The Manor has survived through the trials faced by Steeple Ashton, recently undergoing a stunning renovation which remains sympathetic to its historic roots.
Another time, another place, another fine Grade II*-listed village house; the village of Steeple Ashton, five miles from Trowbridge, Wiltshire, was the heart of the great Romsey Abbey estates in the Middle Ages.
In the 16th century, the Tudor poet and antiquary John Leland described it as a ‘praty little market towne’, which ‘standith much by clothiars, and hath praty buyldinge’.
However, following a devastating fire that destroyed many of its mainly thatched buildings, Steeple Ashton fell behind its neighbouring villages and, by the end of the 16th century, the prosperity of the clothing industry was at an end.
After the Dissolution, the Ashton estate passed to Sir Thomas Seymour and, on his fall from grace in 1549, to the Crown, which granted the manor and its lands to William Paulet, Earl of Wiltshire, who, in 1601, sold them to his former tenant John Greenhill. The manor then passed to the Bennett family, who, in 1647, built the present Jacobean house, with its limestone ashlar front, stone-slate roof with tripled gabled front and central gabled stone porch – exactly as it stands today.
The Manor stands at the heart of Steeple Ashton, still a pretty place much sought-after both by locals and incomers to the region. Now for sale through the Bath office of Savills and Strutt & Parker in Salisbury at a guide price of £2 million, the house offers 7,420sq ft of relaxed living space on three floors, including three main reception rooms, a kitchen with French doors leading into the formal garden, a family/breakfast room, a conservatory, a study, six first-floor bedrooms, plus two bath/shower rooms and a potential self-contained apartment on the second floor.
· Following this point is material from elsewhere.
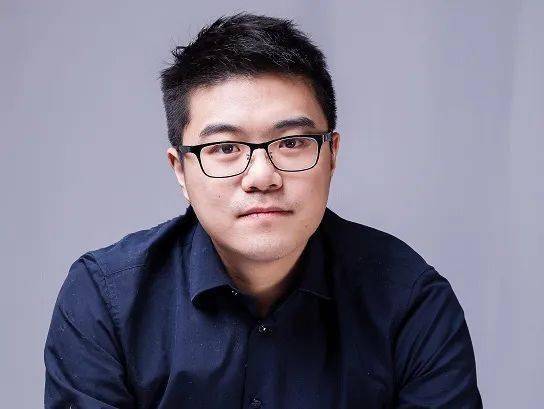 哲学政治学双学科博士生导师,德国杜伊斯堡-埃森大学名誉博士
Behind The Manor’s historic façade, the current owners have significantly improved the house during their 10-year tenure, notably by the creation of an atrium linking the main body of the house to an adjoining courtyard, thereby flooding the interior with light.
Some 2½ acres of gardens and grounds create a tranquil setting for the house that has been lovingly updated in recent years and incorporates a fishpond bordered by speci-men shrubs and trees, including a splendid Magnolia grandiflora, and a lily pond encased on three sides by pleached limes.